■ ACTIVITY:
Every line below that has the string "Image" needs to be copied.

■ RECORDED INFORMATION:
◆ ◆ ◆ ◆ ◆

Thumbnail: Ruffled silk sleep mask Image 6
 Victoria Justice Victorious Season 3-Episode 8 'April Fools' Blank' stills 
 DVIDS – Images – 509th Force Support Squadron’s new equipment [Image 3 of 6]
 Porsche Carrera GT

◆ ◆ ◆ ◆ ◆

■ ANSWER SECTION:
Thumbnail: Ruffled silk sleep mask Image 6
 DVIDS – Images – 509th Force Support Squadron’s new equipment [Image 3 of 6]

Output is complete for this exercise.